Yeah. I don't have a plan for how long I want to be there. Like I said, I went in with a plan of staying three years, and I just entered my eighth. I'll stay as long as I think I can make a difference.
Is that why you've stayed so long--because you feel like you're making a difference?
I feel like progress is being made. Take the notion of the creative economy as an example. We did a study in 2011 when I was at the Arts Commission to look at creative class and creative enterprises in Mississippi. From that, I'm now in a position to work with the governor and have him declare the year of the creative economy and Mississippi homecoming. That is a progression of success.
The Blues Trail is probably the most successful initiative that the state of Mississippi has achieved, culturally, in my lifetime. The creation of this trail, leading people to museums, leading people to communities--the telling of the story of the birthplace of America's music. The B.B. King museum, the Grammy museum, the Elvis Presley birthplace. This is a gigantic global story that we have finally figured out how to tell. This trail leads people all over the state to share the good news, and it builds civic pride. It is a win-win-win-win-win-win-win. We're going to build a civil-rights museum and a new history museum. We'll be the only state in the union that has a state-supported civil-rights museum.
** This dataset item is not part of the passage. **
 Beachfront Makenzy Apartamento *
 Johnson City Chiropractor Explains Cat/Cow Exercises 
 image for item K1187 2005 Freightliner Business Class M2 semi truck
We've invested in interpretive centers for the Emmett Till murder up in the Delta. We've invested in commemorating the life of Medgar Evers, and working to make his home a visitor's center. We are so on the right track here for telling the whole story and getting it right. The United States Poet Laureate is from Gulfport. That is a big damn deal--that Natasha Trethewey grew up and became the poet laureate of the United States of America. Gigantic. We need to be celebrating that. That's a big story.
We spend more time talking about what we don't have than talking about what we do have. My vision has always been to take this success we've had in the creative sector and use it to reinvent ourselves, to tell ourselves, to re-educate our children.
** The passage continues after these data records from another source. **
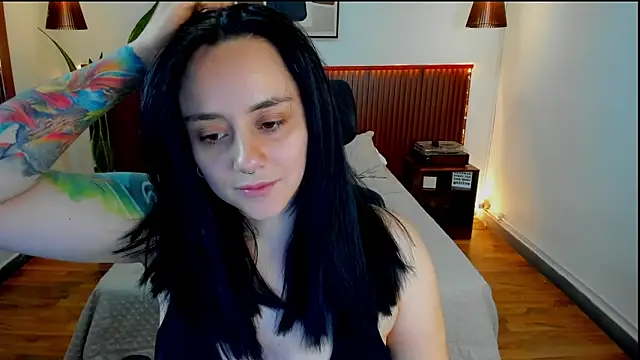 Snapshot of KatherineBond chatting on September 24, 2025, 7:28 pm KatherineBond online show from September 24, 2025, 7:28 pm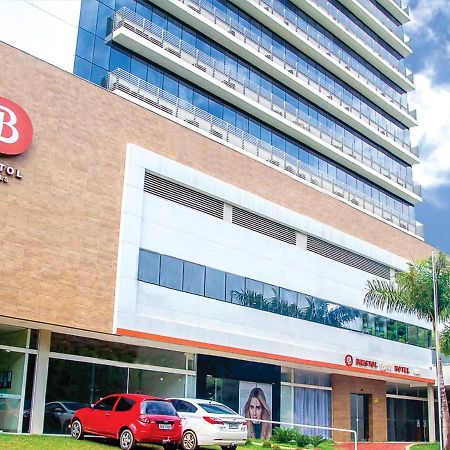 Bristol Easy Uba Hotel Екстериор снимка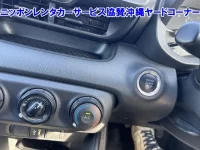 Toyota YARIS лот № 43579 оценка RA  с аукциона в Японии 4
I always say that Mississippi is first on every list we want to be last on and last on every list we want to be first on. And we need to change that. That is about teacher pay raises, but it's also about acknowledging Freedom Summer. It is about jobs, but it's also about AIDS. And as the tourism director, I get to take it all on and talk about all of it, and have some influence and some impact.
The way I do that is through the storytelling. Mississippi is 2.9 million storytellers--we're all good storytellers. We need to use that ability that we have to encourage people to come visit us, to teach, to love each other, to care about each other.
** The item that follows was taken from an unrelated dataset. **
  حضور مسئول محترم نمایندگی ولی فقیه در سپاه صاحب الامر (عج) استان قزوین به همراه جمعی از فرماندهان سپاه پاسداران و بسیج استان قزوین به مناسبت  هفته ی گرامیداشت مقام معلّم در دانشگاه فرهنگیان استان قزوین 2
I just think that if we're celebrating St. Paddy's Day or the ribbon cutting on a civil-rights museum, this is all really rich soil that we have an opportunity to plow together.
Man, if we ever get right, we're going to be hell on wheels. Medgar Evers used to say, Mississippi is going to be a great place when ... when people are treated fairly, when we are able to heal the past. That was 50 years ago, and it's still true.
I was talking to Myrlie Evers (Medgar's widow) yesterday, and she said, "I came home to be a part of the new Mississippi. I came home so we could get it right." I'm just on a big team of people who are trying to get it right and trying to put a positive spin on in, but no smoke and mirrors. No sweeping. Just telling it the way it is.
That's why I'm still here. (For) optimists like me, it doesn't take a lot of success to keep us motivated.